Brasil de Fato - Como você avalia esse momento de unidade entre os movimentos sociais e sindicais para a questão da mineração?

Maria Teresa Viana de Freitas Corujo: Tenho sentido nos últimos cinco anos, e é muito rápido e crescente, um fortalecimento muito grande das redes dos diferentes movimentos e organizações. E temos percebido o quanto está sendo importante essa unidade que está sendo construída diante desse momento louco e criminoso da voracidade da mineração diante do nosso território. Em Minas Gerais isso é muito forte, porque grande parte do território é de minério, e a demanda internacional para ter a posse desse bens naturais deixa Minas completamente refém. É fundamental encontros como esse para integrar todas as frentes, e no caso da mineração essa vai ser a única saída. Porque é desesperador quando a gente olha o que eles estão pretendendo minerar, onde querem por barragens de rejeitos, os minerodutos, os ramais ferroviários, os eucaliptos… É fundamental trazer isso para a população, porque a grande mídia não traz. Isso está sendo feito com o máximo de invisibilidade, precisamente porque se for trazido à tona vai ter uma reação coletiva de dizer ‘não’, de dizer ‘basta’.

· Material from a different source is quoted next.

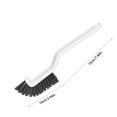 thumbnail image 3 of Toilet Brush | Bathroom Cleaning Brush with Stiff Bristles - Slim Plastic Handle for Floor Tile Sink Bathtub Corner | 11.42 Inch Length | White | Multipurpose Household Scrubber | 1 Piece, 3 of 6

O que está em disputa na Serra do Gandarela?

O que está em disputa é precisamente essa dicotomia: a Serra do Gandarela é a última serra intacta, que não tem mineração a céu aberto, no quadrilátero ferrífero; ela é um sinclinal, que significa que tem uma quantidade enorme de água no subsolo. Na Serra nascem dezenas de cachoeiras de água especial, que não precisa nem de filtragem, ou de classe 1, que só precisa de um filtro para consumo humano. Há também uma enorme reserva de mata atlântica. Mas essa serra também é de minério de ferro, minério de ouro, e a Vale vem reservando esse espaço, comprando ao longo dos anos os terrenos, pensando que quando houvesse uma demanda internacional que justificasse uma mina daquele porte – porque seria uma segunda Carajás no Brasil – ela iria então entrar com licenciamento, porque lá não tem fácil acesso para a retirada do minério. A Vale teria que construir um ramal ferroviário de 22 km, um custo operacional muito grande que só compensaria se houvesse uma garantia de exportação desse minério. Como esse momento mundial chegou, o Gandarela está sendo disputado como o último diamante de Minas, que está sob o olhar e o desejo da Vale. Estamos lutando, dizendo ‘não’ e propondo a construção de um parque.

Como seria esse Parque?

É uma proposta de criação do Parque Nacional do Gandarela, que inviabiliza de vez o projeto da Vale. O Instituto Chico Mendes de Conservação da Biodiversidade (ICMBio) vai levar o tema para consulta pública do dia 7 a 12 maio. Com o parque, a Serra fica aberta à visitação, a estudos científicos, vai ser um bem comum, vai gerar emprego e renda em todo entorno, de outras formas, com muito mais sustentabilidade, para os pequenos donos de pousada, produtores de mel, artesãos, um monte de possibilidades… para sempre. E isso garantindo a preservação da maior, da única reserva de água para a região metropolitana, que tem mais de cinco milhões de habitantes. O governo estadual já teria que ter dito ‘lamento, Vale, aqui não pode’. Mas não é esse o momento atual no Brasil com os governantes em todos os níveis. O Movimento Gandarela, em unidade com outros, está dizendo ‘chega’. Não temos que minerar todo nosso minério, ainda mais para exportar para a China, pro lucro de uma minoria. Não tem o menor sentido.